Hope this helps someone else! It never got too painful for me, I think maybe I caught it early since we were just talking about it at my LLL meeting last week!

Friday, May 29, 2009

Finding our groove


The last couple of days has been really great! Joseph and I have managed to do lots of stuff - tons of laundry, cleaning the kitchen and living room, organizing the 2nd bathroom, getting our oil changed, and even a get-together with my local mom's group!

On the (more fun) baby-front, Joseph is enjoying the pull-up game now. He can hold his head steady when we pull him up from a lying down position by his hands, and when we lower him back down! When he's awake he's like a little meerkat on my shoulder. I swear, he looks just like that! Haha. He loves hanging out with daddy at night and in the mornings before work. I'm basically just food if T.J. is around! Just the way I like it.

Joseph talks up a storm, too. He's such a chatter box. Probably more evidence of his extraordinary intelligence. ;)

This is the second time this week he's fallen asleep for the night by 6:30pm. It's a real bummer for T.J., since he regularly gets home between 8 and 9pm. I'm hoping that it's short-lived and he'll shift his sleep back a bit. We'll see. He will fall asleep for the night any time between 6:30 and 10:30 it seems. He will consistently sleep through until morning now, only waking to eat. Periodically I'll change his diaper, but not usually. I have some really thick "nighttime" diapers that I use (Bububebe, Cricketts, and Happy Hempy's) are my favorite. I don't think I ever got that bone-numbing tiredness that some mom's experience (which I attribute 100% to Joseph co-sleeping), but I feel pretty awesome lately. It takes no effort at all to roll over and feed him at night.

Co-sleeping + breastfeeding = most sleep possible for Mama.

Wednesday, March 18, 2009

Green Feeding

Someone passed this great article on to me about breastfeeding:

http://www.llli.org/Release/GoGreen

Breastfeeding not only provides babies with optimum nutrition, but also helps reduce landfill waste, preserves valued energy, and helps prevent deforestation. Human milk remains the ultimate natural renewable resource and perhaps the most overlooked way of helping to create a healthier planet.

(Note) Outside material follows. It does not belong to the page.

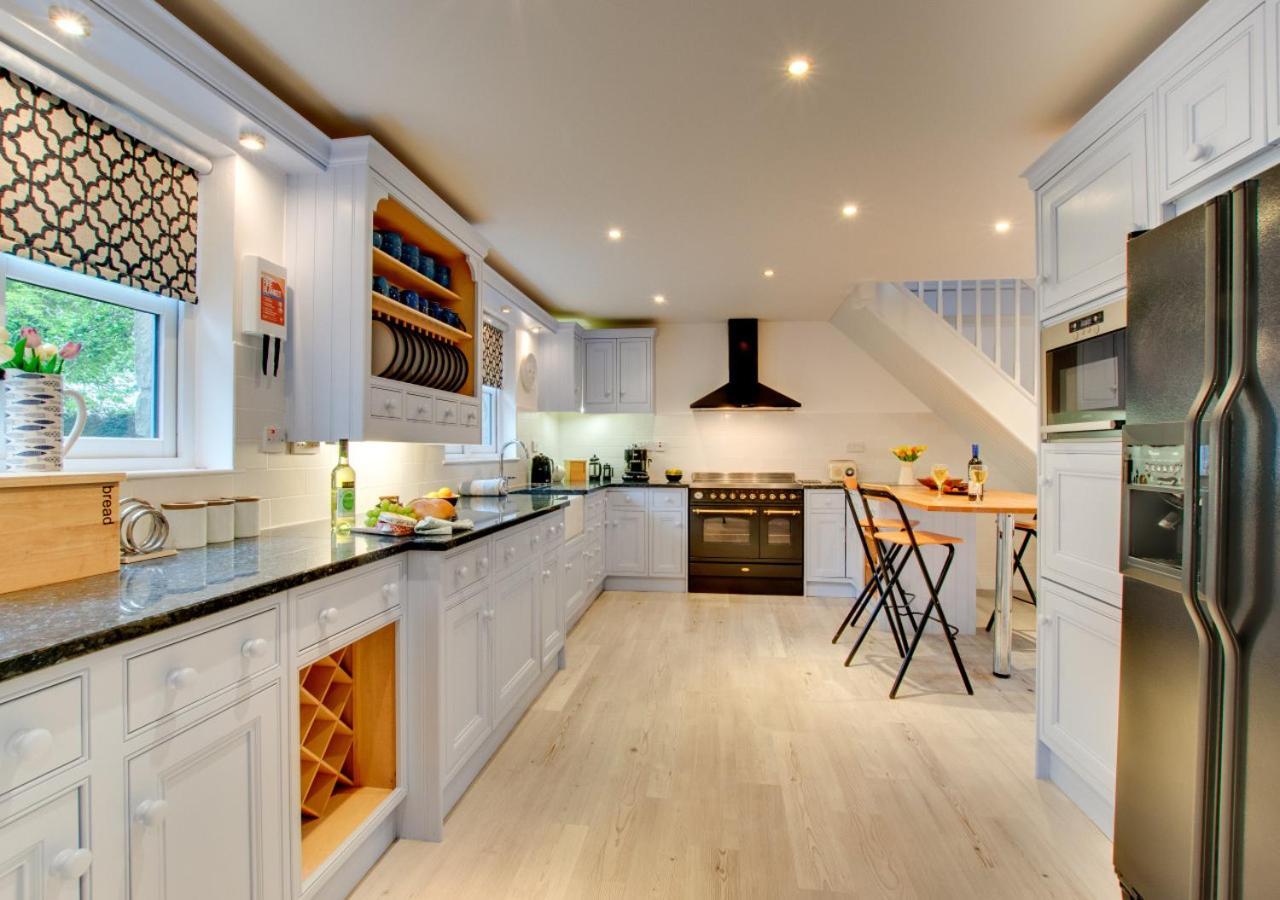 Blue Poppy House Villa Newlands  Екстериор снимка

Human milk requires no resources for packaging, shipping, or disposal. The production and disposal of artificial baby milk products add to environmental problems by consuming energy and producing waste. The 550 million tins of formula sold in the United States alone, placed end to end, would circle the earth one and a half times. Each year in the United States, the production of artificial baby milk produces 86,000 tons of tin and 1,230 tons of paper labels which add substantially to the landfill waste.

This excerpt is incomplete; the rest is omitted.